# 1st provisional licence has expired 4 years



## trishka (6 Jul 2005)

Hi Guys,

I have a bit of a problem.  My first provisional licence expired four years ago last May and I was just wondering do I apply for a second provisional licence or go down the road of another first licence.  I have to start driving again for work and i have done lessons etc when I was driving five years ago but just need to get back into the seat again but not sure which licence I should be applying for?  Any advise with be greatly appreciated.  Thanks in advance.


----------



## contemporary (6 Jul 2005)

5 years is the max before you have to  start all over again, you will be applying for a 2nd provo AFAIK


----------



## MonsieurBond (6 Jul 2005)

contemporary said:
			
		

> 5 years is the max before you have to start all over again, you will be applying for a 2nd provo AFAIK


 
According to the :


_If your provisional driving licence expired 5 years ago, then you must undergo a _
_Driver Theory test before a new provisional licence can be issued._

There's no mention of being "back on a 1st licence" or anything like that.

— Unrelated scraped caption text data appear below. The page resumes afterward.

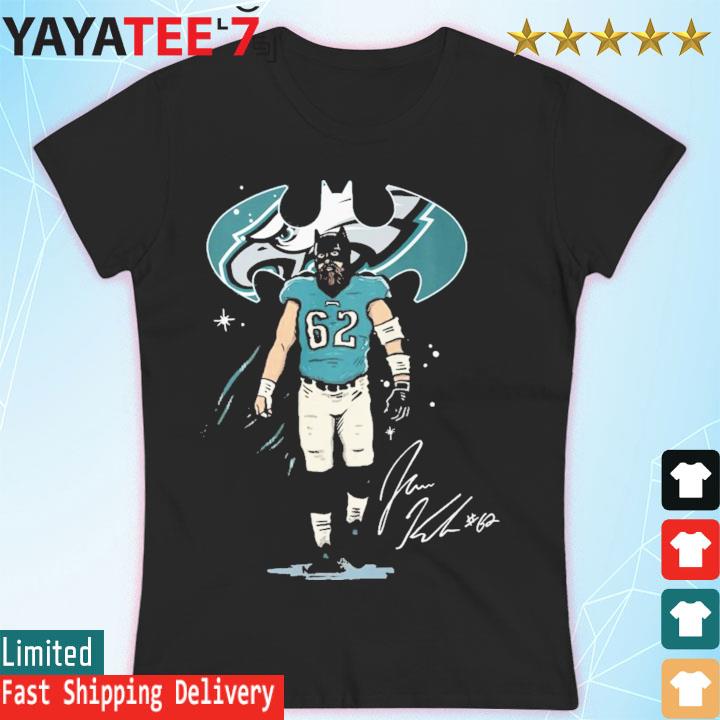 Batman Jason Kelce 62 Philadelphia Eagles signature shirt, hoodie, sweater,  long sleeve and tank top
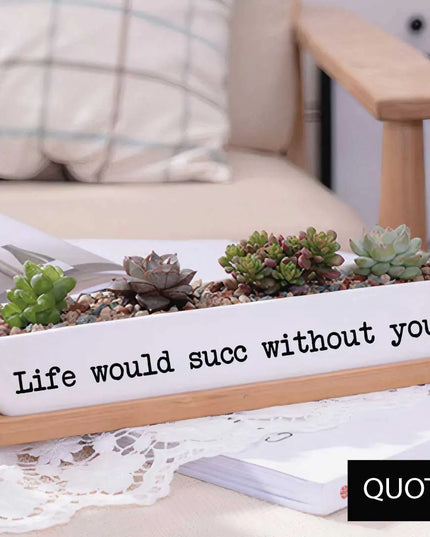 Message in a Planter - 7" Long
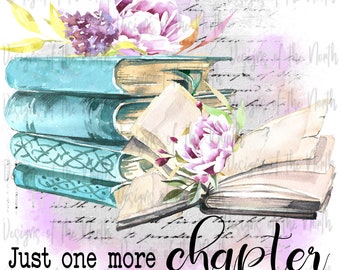 just one more chapter sublimation-sublimation-clipart-books sublimation-read sublimation-reader&#39;s design-pretty books sublimation-book png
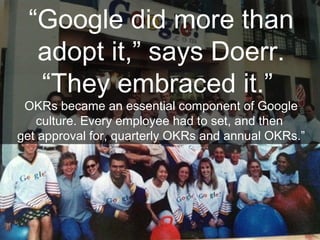 “Google did more than
adopt it,” says Doerr.
“They embraced it.”
OKRs became an essential component of Google
culture. Every employee had to set, and then
get approval for, quarterly OKRs and annual OKRs.”
 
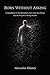 Born Without Asking: A Manifesto on Existence and Being Human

The only restriction I am aware of in this area is that if you pass the test but don't apply for the full licence for over a year (i.e. drive with the pink slip as a licence which is legal) then you have to sit the entire test again!


----------



## CMCR (6 Jul 2005)

Trishka, 

Above advice is correct - provided your 1st provisional licence hasn't expired by 5 or more years ago you will be fine.  Simply apply for a new licence in the normal way, with the appropriate fee and your last licence with your application.  Forms are available from your local Garda station or your local Motor Tax office. 

Provisional drivers whose licences have expired 5 or more years have to complete a Driver Theory Test, before they can obtain another provisional. 

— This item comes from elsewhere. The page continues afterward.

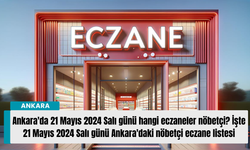 Ankara'da 21 Mayıs 2024 Salı günü hangi eczaneler nöbetçi? İşte 21 Mayıs 2024 Salı günü Ankara nöbetçi eczane listesi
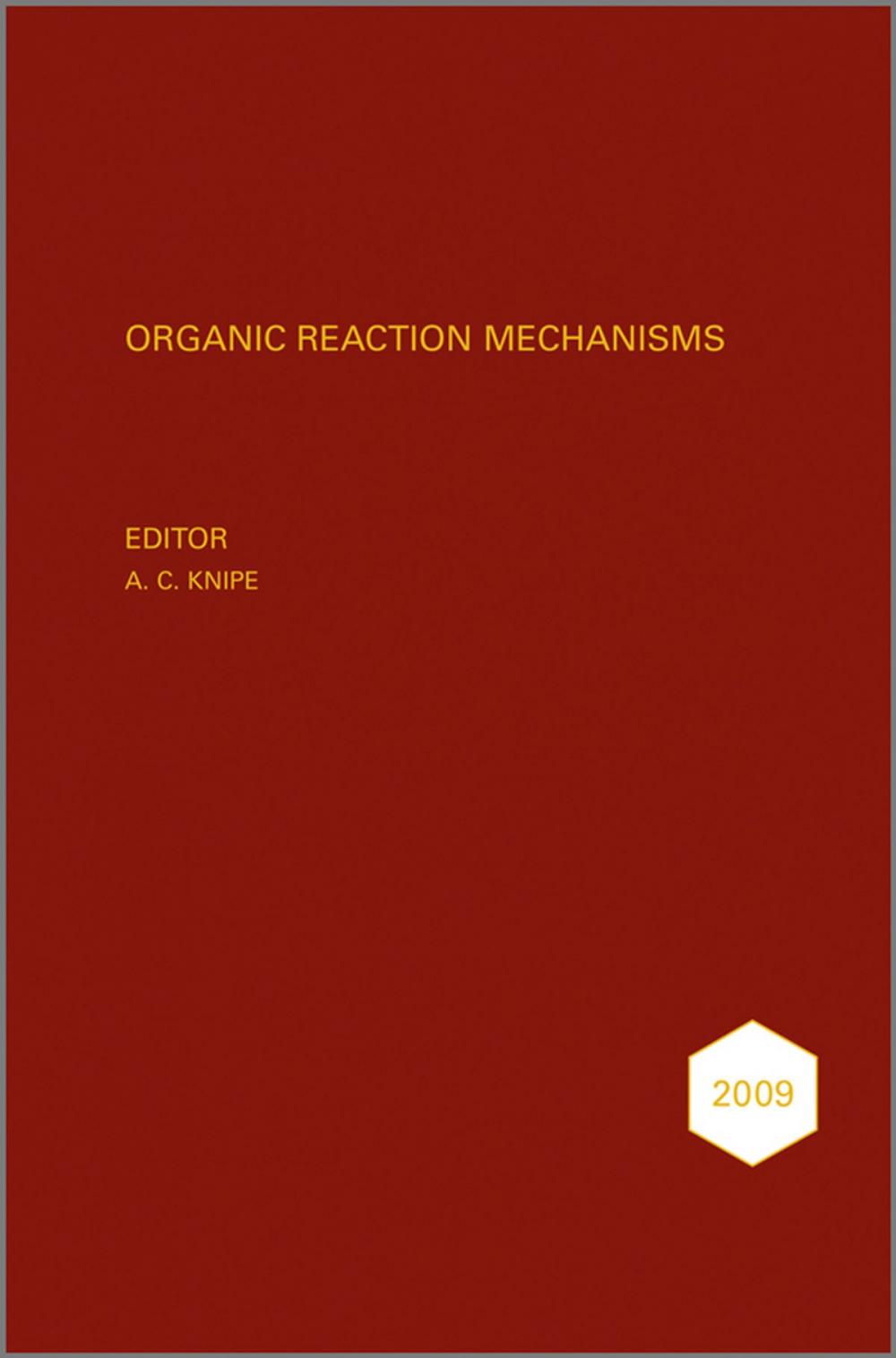 Big bigCover of Organic Reaction Mechanisms 2009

If someone is on their 2nd provisional licence, they must apply for their driving test before a new provisional will be issued.  

Full licences are issued for varying periods, depending on your age.  For most people with full, 10 year licences, if your licence has lapsed for 10 years you have to do a driver theory test, apply for a provisional and undergo your driving test again. 

On a final note, Car drivers (Cateogry B) are not required to be accompanied by and under the supervision of a person with a current full driving licence to drive, where they are on a 2nd provisional licence.  Further info is available on the Department of Transport website here: http://www.transport.ie/viewitem.asp?id=2970&lang=ENG&loc=1233


----------



## Joe1234 (6 Jul 2005)

What amazes me is that someone on a first provisional licence needs a qualified driver with them and someone on a second provisional licence does not.  I got my first licence a number of years ago, and drove about 2 or 3 times in the 2 years it was valid.  ie although I had no driving experience when I got my second licence, I was still entitled to drive alone.  By the time I got my 3rd licence, I was a lot more confident, and felt ready to drive alone, but because of some bizarre law, it was not allowed!!!  Only drivers on 2nd licences are allowed to drive alone.

MonsieurBond,

AFAIK you have actually 2 years from the date of passing the test to apply for the licence before you have to re-sit the test.  I passed my test on a Monday, on Tuesday I got the photos taken for the licence, left the form in Wednesday and had the licence when Friday's post came.


----------